Оглядел темный пустой подвал, будто опасался кого, потом наклонился ко мне и на ухо тихо проговорил:
– Делайте вид, что ничего не знаете, а если под какой бумагой подпись велят поставить, ни Боже мой! Скажите, я работник литературный, а всякие хозяйственные деда знать не желаю. По-дружески вам советую. Ладно?
Помолчали с минуту.
– Хотите пива еще выпьем?
– Нет, не хочу пива. И вообще – я пить больше не стану.
– Ну, ладно, я пойду.
Он закатил бочку за шкаф с инструментами, накрыл ее кипой газет и вышел, крепко притворив за собой дверь. Я некоторое время бездумно смотрел в потолок, затем вывернул из патрона лампу, висевшую над головой, и закрыл глаза. Однако же сон ко мне не шел. Бочонок дармового пива и совет ефрейтора ничего не подписывать смутной тревогой взбудоражили сознание, нехорошо отозвалось в сердце. Всякое было на фронте за четыре года войны, в какие только переделки ни попадал, но эти вот три стакана пива, зашумевшие в голове сладкой истомой, дружеский совет ефрейтора вздыбили тревогу, почти страх. «Знать, не простые они, эти бумаги, что-то нечистое в них таится…»
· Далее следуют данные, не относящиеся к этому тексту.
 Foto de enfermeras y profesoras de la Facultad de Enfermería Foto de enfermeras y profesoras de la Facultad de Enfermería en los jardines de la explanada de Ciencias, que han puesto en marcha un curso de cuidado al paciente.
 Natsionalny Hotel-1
Сон подкрался незаметно, провалился, как в колодец. А во сне катался по полу бочонок и из него проливалось янтарное пиво, и голос печатника доносился откуда-то сверху, из-под облаков. А тут и другой голос – девичий, плачущий раздавался совсем рядом.
Открыл глаза – наборщица сидит у своей кассы, – та, что беленькая, славянка. Лицо обхватила ладонями, плачет.
– Вы что? Вас кто обидел?
Плач прекратился, девушка опустила руки на колени. Я подошел к ней. Девушка назвалась Наташей. Успокоилась не сразу. Потом вдруг появился капитан Плоскин, схватил ее за руку и поволок к выходу. Я снова завалился на свою «кровать» и почти мгновенно уснул. На этот раз спал долго и крепко. Разбудил меня Никотенев. Тряхнул за плечо, сказал:
– Старшой! Вставай, редактор пришел.
Было уже светло, девушки сидели за кассами, а у большого окна за печатным станком стоял невысокий, широкий в плечах майор и что-то пил из большой алюминиевой кружки, – очевидно, пиво.
Я причесался, расправил у ремня гимнастерку, ждал, когда из-за печатного станка выйдет майор. Увидев меня, он поставил на подоконник кружку, подошел ко мне и протянул руку:
– Дроздов – да?… Хорошо. Ну, рассказывайте, как доехали, – и вообще, как дела, настроение?
Никотенев принес нам два стула, и мы сидели с ним возле штабеля газет. Майор был рябой, курносый, зеленые кошачьи глаза заметно оплыли, выдавая частые спиртные возлияния. Однако смотрел он на меня весело, и даже с какой-то родственной нежностью. Его донимал то ли насморк, то ли хронический гайморит, – он то и дело толстыми пальцами подталкивал кверху красный разбухший нос и громко раскатисто шмурыгал.
– Согласился, да теперь жалею, – запел я отходную.
– Как? – удивился майор. – Вы умеете писать, я помню ваш прекрасный очерк; да вы, можно сказать, судьбу свою нашли! Поработаете у нас, в дивизионке, – а там и на большую дорогу журналистики. В Москву подадитесь.
– Бушко говорит, без образования…
– Бушко?… Уж накаркала ворона.
Нахмурился майор, склонил над коленями голову.
– Бушко оформляет демобилизацию. И хорошо. Пусть едет.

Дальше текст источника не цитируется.